Social security numbers belonging to as many as 5000 Wisconsin taxpayers were exposed because of a bad letter template used with a misaligned letter folding machine during a state tax form mailing. The letter format placed the social security number too close to the address field, causing it to be exposed outside the envelope.
The situation was reported by the Green Bay Press Gazette, which said this was the fourth time in 14 months that mailing-related problems have resulted in social security numbers being exposed. Comments from officials suggest the roots of this problem lie far deeper than the mailing room alone:
“I don’t know that firing one person or other is going to solve the problem,” [Democratic state Rep. Marlin] Schneider said. “It requires a systemic change.”
Gov. Jim Doyle, a Democrat, issued a statement saying the latest mistake was unacceptable and promised to work with lawmakers and others to ensure that Social Security numbers and other private information is protected.
Ordinarily, one might think a misaligned letter folding machine has little connection with IT. However, the string of similar problems in Wisconsin, along with Representative Schneider's comment, suggests otherwise. Clearly, the Wisconsin government culture does not take privacy lapses seriously enough.
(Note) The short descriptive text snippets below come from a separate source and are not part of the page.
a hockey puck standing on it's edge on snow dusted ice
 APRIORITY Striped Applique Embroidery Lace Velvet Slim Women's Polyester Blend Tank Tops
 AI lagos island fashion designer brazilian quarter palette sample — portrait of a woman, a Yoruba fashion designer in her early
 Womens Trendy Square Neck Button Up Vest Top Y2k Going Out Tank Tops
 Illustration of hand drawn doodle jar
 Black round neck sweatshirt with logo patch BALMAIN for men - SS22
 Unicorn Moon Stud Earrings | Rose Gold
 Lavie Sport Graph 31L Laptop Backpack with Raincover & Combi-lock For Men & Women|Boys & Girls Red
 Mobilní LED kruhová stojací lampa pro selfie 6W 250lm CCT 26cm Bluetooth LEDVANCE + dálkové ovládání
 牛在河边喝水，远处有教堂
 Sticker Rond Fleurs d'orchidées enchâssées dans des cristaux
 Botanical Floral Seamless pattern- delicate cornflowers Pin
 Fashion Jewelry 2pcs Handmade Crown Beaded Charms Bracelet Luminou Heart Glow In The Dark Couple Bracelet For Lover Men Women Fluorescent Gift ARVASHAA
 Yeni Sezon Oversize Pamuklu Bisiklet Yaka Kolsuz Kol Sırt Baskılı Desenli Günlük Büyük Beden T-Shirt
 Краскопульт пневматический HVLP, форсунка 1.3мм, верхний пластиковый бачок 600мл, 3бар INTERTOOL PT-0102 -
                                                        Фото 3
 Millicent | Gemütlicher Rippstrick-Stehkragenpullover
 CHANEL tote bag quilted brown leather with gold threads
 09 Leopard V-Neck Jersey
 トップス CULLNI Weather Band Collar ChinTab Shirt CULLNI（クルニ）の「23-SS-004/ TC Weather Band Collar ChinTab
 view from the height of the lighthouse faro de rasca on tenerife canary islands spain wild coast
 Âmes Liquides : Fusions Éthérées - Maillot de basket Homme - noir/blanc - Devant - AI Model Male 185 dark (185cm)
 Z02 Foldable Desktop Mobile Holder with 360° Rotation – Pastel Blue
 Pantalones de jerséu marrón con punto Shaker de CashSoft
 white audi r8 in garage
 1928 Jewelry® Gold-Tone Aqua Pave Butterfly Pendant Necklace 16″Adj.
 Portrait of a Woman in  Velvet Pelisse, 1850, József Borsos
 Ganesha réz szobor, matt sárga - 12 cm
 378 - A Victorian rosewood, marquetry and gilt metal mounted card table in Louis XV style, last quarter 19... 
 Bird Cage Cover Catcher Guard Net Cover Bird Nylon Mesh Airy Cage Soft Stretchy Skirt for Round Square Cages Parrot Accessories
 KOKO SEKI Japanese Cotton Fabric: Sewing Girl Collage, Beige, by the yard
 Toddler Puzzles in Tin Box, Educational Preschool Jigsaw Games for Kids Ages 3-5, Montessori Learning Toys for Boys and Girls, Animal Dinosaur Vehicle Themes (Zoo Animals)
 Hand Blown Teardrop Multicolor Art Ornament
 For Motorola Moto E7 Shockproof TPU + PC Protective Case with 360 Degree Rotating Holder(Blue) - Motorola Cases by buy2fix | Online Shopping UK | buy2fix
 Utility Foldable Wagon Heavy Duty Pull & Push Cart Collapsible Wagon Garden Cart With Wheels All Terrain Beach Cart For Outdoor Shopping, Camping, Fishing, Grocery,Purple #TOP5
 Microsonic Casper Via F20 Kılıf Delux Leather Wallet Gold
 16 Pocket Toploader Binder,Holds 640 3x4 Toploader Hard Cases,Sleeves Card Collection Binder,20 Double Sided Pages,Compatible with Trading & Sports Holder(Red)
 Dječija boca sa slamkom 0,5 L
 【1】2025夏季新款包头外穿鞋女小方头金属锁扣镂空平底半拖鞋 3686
This acceptance of data leakage appears to extend from the IT department to the mail room and up into the ranks of management, which is where responsibility ultimately lies.
This is hardly the first time Wisconsin has been in the news because of poor practices leading to IT-related failures (see here, here, and here). Apparently, the Wisconsin Task Force on State Information Technology failures has not met since since last August. Perhaps it's time for that group to get cracking.